#### Brief:
Please restate the records below word for word, leaving out every picture.

#### Material provided:
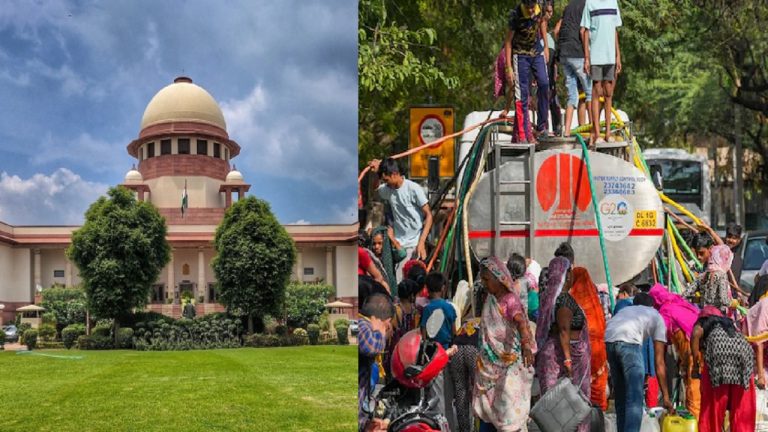 नेता खाएँ मलाई इसलिए कॉन्ग्रेस के साथ AAP, पानी के लिए तरसते आम आदमी को दोनों ने दिखाया ठेंगा: दिल्ली जल संकट में हिमाचल का खेला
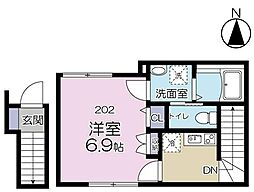 西武新宿線 下井草駅 徒歩4分 2階/-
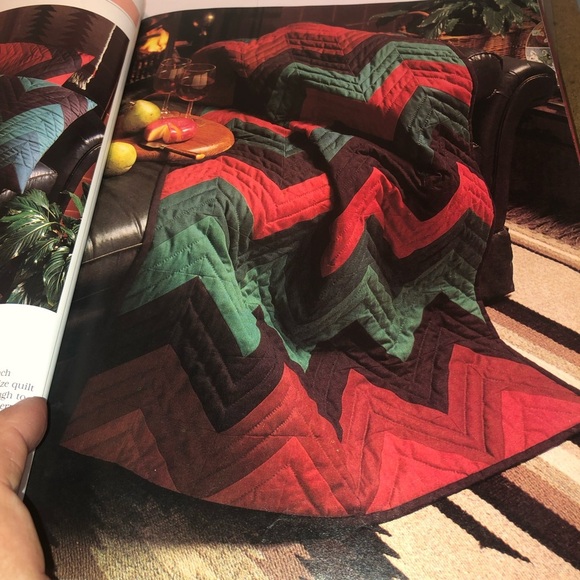 Better Homes And Gardens New Patchwork and Quilting- book has many patterns - Picture 5 of 10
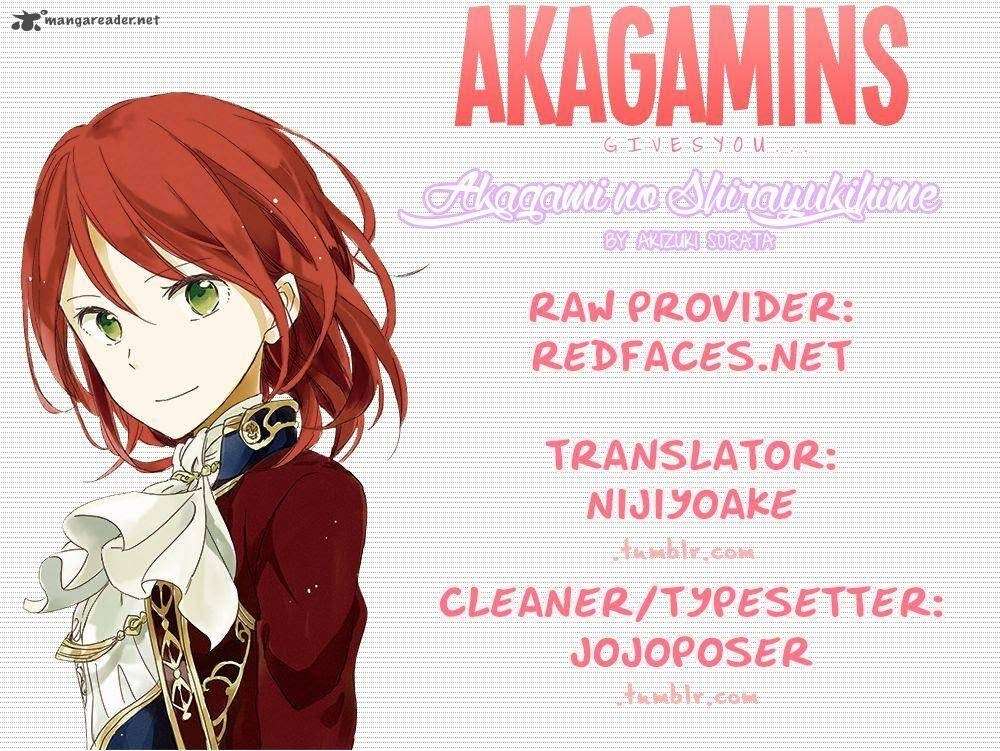 Akagami no Shirayukihime Chapter 64 Image 1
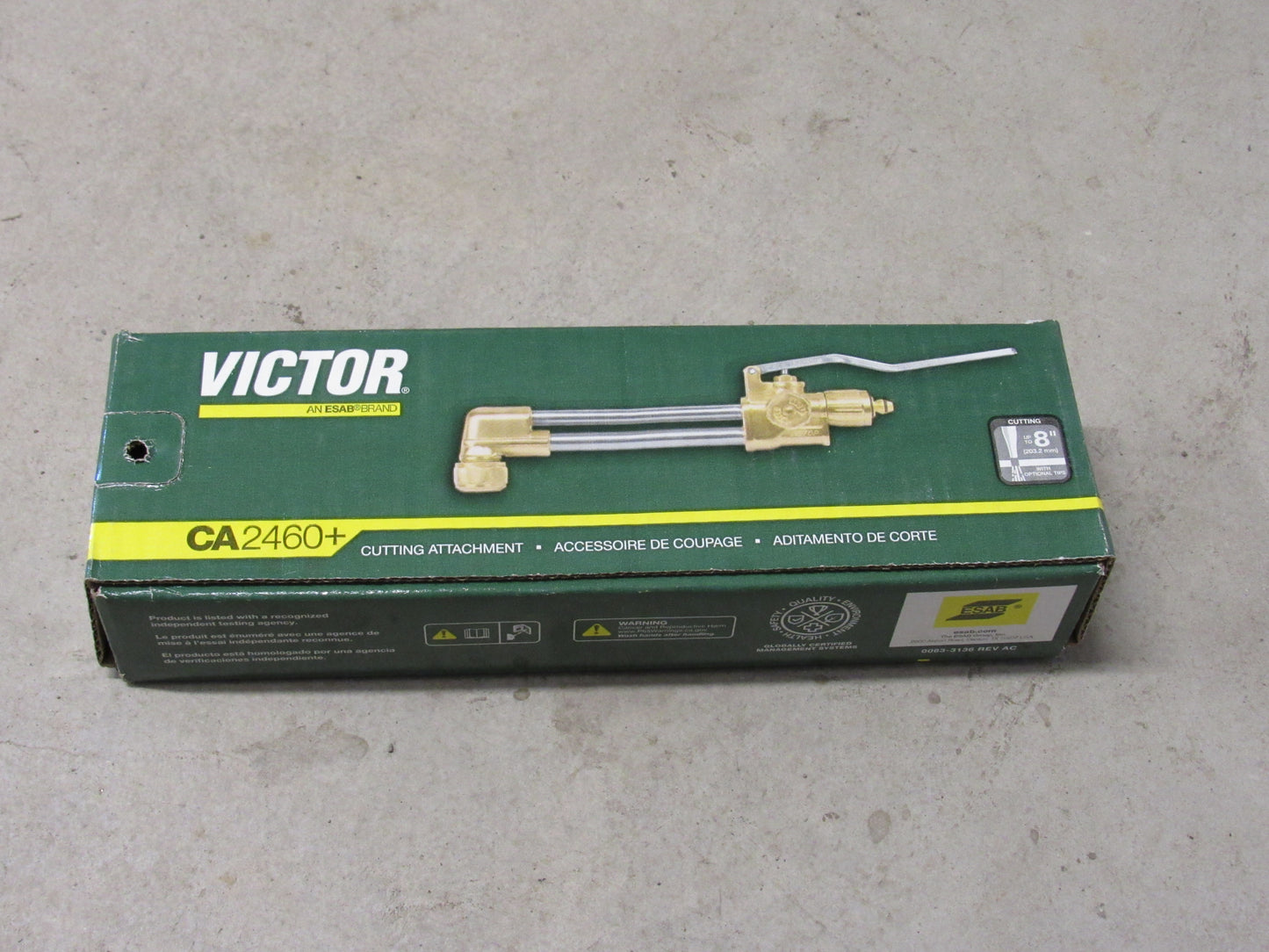 Victor Torch Cutting Attachment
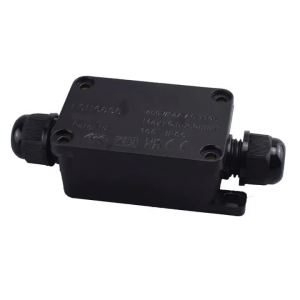 Hộp Nối Dây Cáp Ngoài Trời Chống Nước IP66 2 Chiều Có Đầu Nối Cho Đèn LED Phụ Kiện Điện 450V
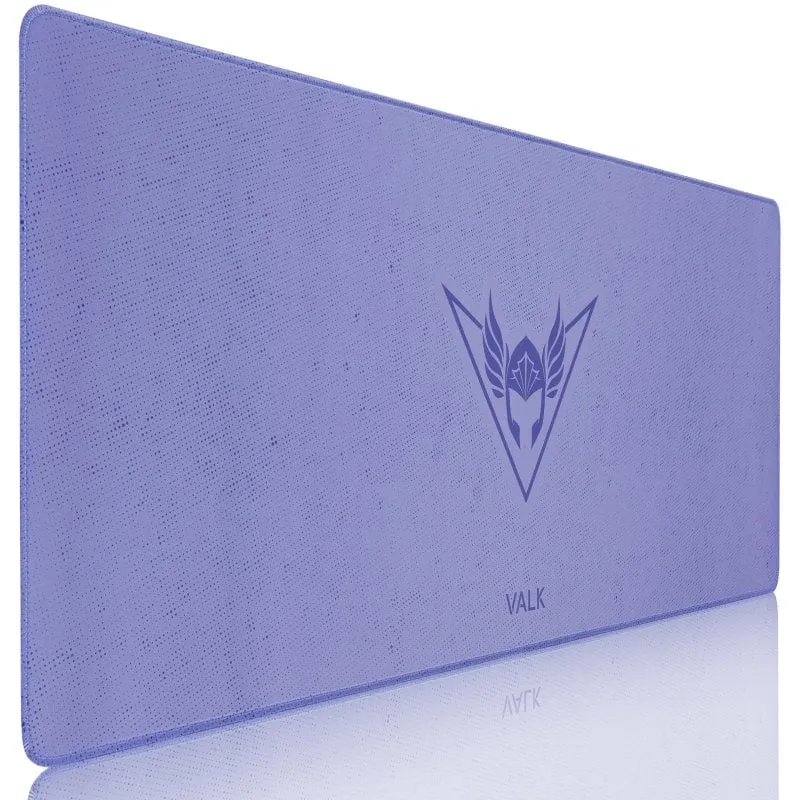Valk Gaming Mousepad XXL Tapete Gaming Tecido 80x30cm Lilás Ametista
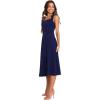 Petal & Pup Women’s Laurel Dress(Navy)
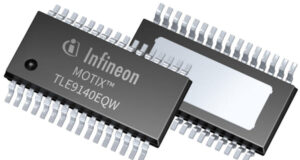 TLE9140EQW controlador de puerta para motores BLDC TLE9140EQW controlador de puerta para motores BLDC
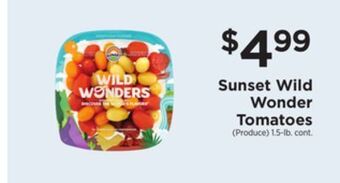 ShopRite Wild wonder tomatoes offer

#### Result of the task:
 नेता खाएँ मलाई इसलिए कॉन्ग्रेस के साथ AAP, पानी के लिए तरसते आम आदमी को दोनों ने दिखाया ठेंगा: दिल्ली जल संकट में हिमाचल का खेला
 西武新宿線 下井草駅 徒歩4分 2階/-
 Better Homes And Gardens New Patchwork and Quilting- book has many patterns - Picture 5 of 10
 Akagami no Shirayukihime Chapter 64 Image 1
 Victor Torch Cutting Attachment
 Hộp Nối Dây Cáp Ngoài Trời Chống Nước IP66 2 Chiều Có Đầu Nối Cho Đèn LED Phụ Kiện Điện 450V
Valk Gaming Mousepad XXL Tapete Gaming Tecido 80x30cm Lilás Ametista
 Petal & Pup Women’s Laurel Dress(Navy)
 TLE9140EQW controlador de puerta para motores BLDC TLE9140EQW controlador de puerta para motores BLDC
 ShopRite Wild wonder tomatoes offer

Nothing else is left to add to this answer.